> _Task prompt_: Reproduce word for word, from the entries below, the line with "Világító LED reklámtábla", the line with "AK Bad Hofgastein, Gesamtansicht", and every line between them, and nothing more.

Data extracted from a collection
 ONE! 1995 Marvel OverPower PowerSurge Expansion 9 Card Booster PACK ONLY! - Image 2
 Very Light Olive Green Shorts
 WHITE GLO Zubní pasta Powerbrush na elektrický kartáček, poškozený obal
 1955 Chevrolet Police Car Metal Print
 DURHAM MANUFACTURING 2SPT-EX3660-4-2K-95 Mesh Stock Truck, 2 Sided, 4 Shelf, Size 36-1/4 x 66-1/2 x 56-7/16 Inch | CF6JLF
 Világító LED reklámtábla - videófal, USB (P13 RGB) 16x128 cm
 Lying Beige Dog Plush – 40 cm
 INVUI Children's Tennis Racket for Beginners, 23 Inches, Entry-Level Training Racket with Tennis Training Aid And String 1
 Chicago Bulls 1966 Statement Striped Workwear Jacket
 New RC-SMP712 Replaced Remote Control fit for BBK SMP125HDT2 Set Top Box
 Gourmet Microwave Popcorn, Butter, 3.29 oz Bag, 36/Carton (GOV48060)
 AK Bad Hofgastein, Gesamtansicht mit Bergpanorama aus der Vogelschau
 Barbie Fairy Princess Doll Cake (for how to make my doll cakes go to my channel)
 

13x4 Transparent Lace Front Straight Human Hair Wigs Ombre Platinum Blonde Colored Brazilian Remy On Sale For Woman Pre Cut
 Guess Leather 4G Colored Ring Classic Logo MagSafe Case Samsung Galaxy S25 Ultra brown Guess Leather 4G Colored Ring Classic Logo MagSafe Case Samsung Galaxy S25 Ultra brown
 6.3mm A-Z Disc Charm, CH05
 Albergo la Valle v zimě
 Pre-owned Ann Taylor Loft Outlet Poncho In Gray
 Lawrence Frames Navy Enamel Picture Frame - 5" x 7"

> _Your solution_:
 Világító LED reklámtábla - videófal, USB (P13 RGB) 16x128 cm
 Lying Beige Dog Plush – 40 cm
 INVUI Children's Tennis Racket for Beginners, 23 Inches, Entry-Level Training Racket with Tennis Training Aid And String 1
 Chicago Bulls 1966 Statement Striped Workwear Jacket
 New RC-SMP712 Replaced Remote Control fit for BBK SMP125HDT2 Set Top Box
 Gourmet Microwave Popcorn, Butter, 3.29 oz Bag, 36/Carton (GOV48060)
 AK Bad Hofgastein, Gesamtansicht mit Bergpanorama aus der Vogelschau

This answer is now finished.